The application of ML for landslide and flash flood hazard mapping has garnered increased attention, with several studies assessing the efficacy of different ML algorithms in this domain. A notable investigation conducted by Daviran et al. [
26] focused on the Darjeeling District of India, comparing the performances of four distinct ML algorithms for landslide hazard mapping. The algorithms evaluated included Random Forest (RF), Artificial Neural Network (ANN), Support Vector Machine (SVM), and Naive Bayes classifiers. The findings revealed that the RF algorithm exhibited the highest performance, followed by the ANN algorithm, while SVM and Naive Bayes classifiers demonstrated comparatively poor results. Likewise, Jones et al. [
27] used logistic regression to develop four landslide susceptibility models based on 3 typhoon-triggered landslide inventories between 2009 and 2019.
In a parallel study [
28], which focused on the Pearl River Basin in China, the performance of two ML algorithms—Random Forests (RFs) and Gradient Boosting Machines (GBRs)—was compared for flash flood hazard mapping. The results indicated that the GBR algorithm outperformed the RF algorithm in this context. From another perspective, it is pertinent to highlight that the process of urbanization has the potential to intensify the likelihood of floods. This is especially evident in regions undergoing urban development where diminished infiltration rates render them particularly vulnerable to the hazards associated with flooding [
29]. Similarly, Wagenaar et al. [
30] investigated flood damage using multiple variables and supervised learning approaches, including regression trees, bagging regression trees, Random Forest, and the Bayesian network.
These studies collectively suggest that ML algorithms hold promise for developing accurate hazard maps for landslides and flash floods. However, it is crucial to acknowledge that the effectiveness of ML algorithms is contingent on the specific characteristics of the data and the objectives of the study. Variability in performance across different algorithms underscores the importance of carefully selecting and customizing ML approaches based on the unique characteristics of the hazard-mapping task at hand.
The utilization of machine learning (ML) for landslide and flood hazard mapping encompasses a variety of algorithms, among which Lasso regression stands out as a notable choice that is rarely employed for flood hazard mapping [
31,
32]. Moreover, the Takatsu River basin and Nishikigawa River basin have not been investigated to generate flood and landslide hazard maps.
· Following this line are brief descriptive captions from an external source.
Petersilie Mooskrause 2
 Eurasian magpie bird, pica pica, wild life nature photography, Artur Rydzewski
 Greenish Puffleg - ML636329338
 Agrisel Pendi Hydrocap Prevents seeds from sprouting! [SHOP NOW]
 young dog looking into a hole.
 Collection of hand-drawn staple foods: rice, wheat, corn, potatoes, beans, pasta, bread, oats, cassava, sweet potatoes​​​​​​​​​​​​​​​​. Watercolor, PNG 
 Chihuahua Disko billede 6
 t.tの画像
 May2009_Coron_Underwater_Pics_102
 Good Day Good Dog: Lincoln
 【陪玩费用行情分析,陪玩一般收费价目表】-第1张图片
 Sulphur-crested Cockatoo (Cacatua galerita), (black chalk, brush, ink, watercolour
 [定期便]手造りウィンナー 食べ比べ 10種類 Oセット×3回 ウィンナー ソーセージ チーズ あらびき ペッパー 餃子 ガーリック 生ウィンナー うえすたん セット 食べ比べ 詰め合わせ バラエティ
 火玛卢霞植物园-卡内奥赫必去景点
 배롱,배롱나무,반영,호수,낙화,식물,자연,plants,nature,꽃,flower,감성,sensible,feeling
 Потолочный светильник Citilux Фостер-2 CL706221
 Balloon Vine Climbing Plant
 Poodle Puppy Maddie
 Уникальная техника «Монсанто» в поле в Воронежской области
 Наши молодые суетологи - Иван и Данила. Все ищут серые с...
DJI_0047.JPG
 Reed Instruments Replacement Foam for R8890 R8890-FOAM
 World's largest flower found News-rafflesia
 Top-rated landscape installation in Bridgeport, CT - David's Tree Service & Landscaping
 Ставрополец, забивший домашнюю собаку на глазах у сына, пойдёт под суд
Thus, the novelty of this study lies in the utilization of Lasso regression to map landslide and flood hazards and the presentation of a combined hazard map for this zone, consolidating information on both landslide and flood hazards. In addition, the outcomes of this study are anticipated to provide valuable insights into the efficacy of ML, specifically Lasso regression, for hazard mapping in complex terrains with multifaceted factors. The results stand to contribute not only to the advancement of accurate and efficient hazard mapping but also to the overarching goal of mitigating the risk of disasters in the region.
3. Methodology
In the context of this scholarly investigation, the research can be delineated into four fundamental phases: preparatory processing, the consideration of environmental factors, the training of machine-learning models, and subsequent model validation. The inaugural step, termed “preparatory processing” involves the utilization of Arc Map 10.8.2 software to execute a delineation of the Digital Elevation Model (DEM). The utilization of digital elevation models (DEMs) facilitates the automated extraction of channel networks and the quantitative delineation of the geomorphic attributes of drainage basins [
39]. This process is pivotal for determining flow direction, a critical element in the computation of potential streamlines and basins. Following this, various environmental factors are estimated and visually represented. These environmental factors encompass elevation, slope, lithology, aspect, plane curvature, profile curvature, land cover, surface roughness, road density, and stream density.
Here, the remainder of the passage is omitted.